L’éthique de la pédagogie au secours de la liberté universitaire

«L’éthique de la pédagogie est basée sur le respect dévolu à la dignité de la personne», écrit l'auteur.
Photo: Christopher Futcher Getty Images «L’éthique de la pédagogie est basée sur le respect dévolu à la dignité de la personne», écrit l'auteur.

Le mercredi 6 avril dernier, la ministre de l’Enseignement supérieur, Danielle McCann, a déposé le projet de loi 32 qui obligera les universités québécoises à se doter d’une politique de liberté de l’enseignement. Ce projet, qui fait actuellement l’objet de commentaires en commission parlementaire, fait suite aux recommandations de la Commission scientifique et technique indépendante sur la reconnaissance de la liberté académique dans le milieu universitaire sous la présidence d’Alexandre Cloutier. Cet hiver, j’ai donné à l’UQO une conférence intitulée « Cancel Culture et Liberté de l’enseignement », dans laquelle j’ai proposé une éthique de la pédagogie pour l’orientation et l’application d’une politique de la liberté de l’enseignement. Mon argumentaire est le suivant.
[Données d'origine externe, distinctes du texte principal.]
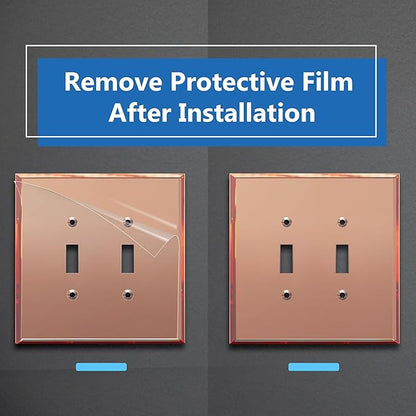 LIDER Double Toggle Switch Acrylic Wall Plate, Mirrored Dual Light Switch Plate, Plexiglass Switch Cover, Reflective Finish, Modern Upgrade, Oversized 2-Gang 5.25" x 5.25", Rose Gold
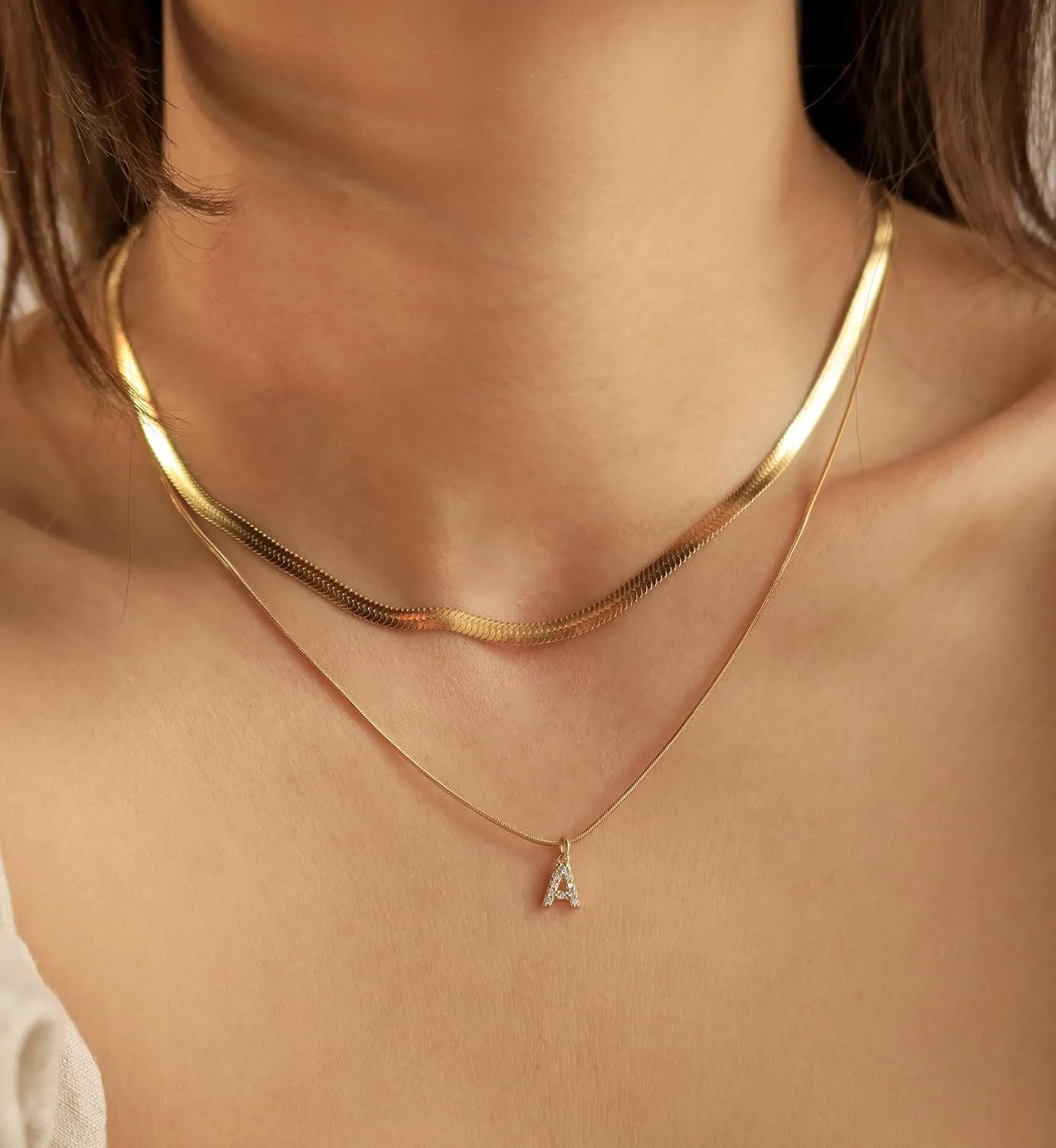 KOHOTA Gold Initial Necklaces for Women, Snake Chain Herringbone Necklace Dainty Letter Layered Initial Necklaces Choker 14K Gold Plated Cubic Zirconia Trendy Pendant for Women Jewelry Gift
Au cours des deux dernières années, le Québec a connu une controverse autour de la culture de l’annulation et de la liberté d’expression de l’enseignement universitaire. Deux postures s’opposent. La première est celle des étudiants ou autres personnes qui interdisent l’usage de mots dans les cours, par suite d’une « conscience des injustices sociales présentes ou passées » et des chefs d’établissement qui sont portés à acquiescer à cette interdiction. La seconde position est celle des universitaires et autres qui, légitimement, dénoncent la censure et défendent la liberté académique.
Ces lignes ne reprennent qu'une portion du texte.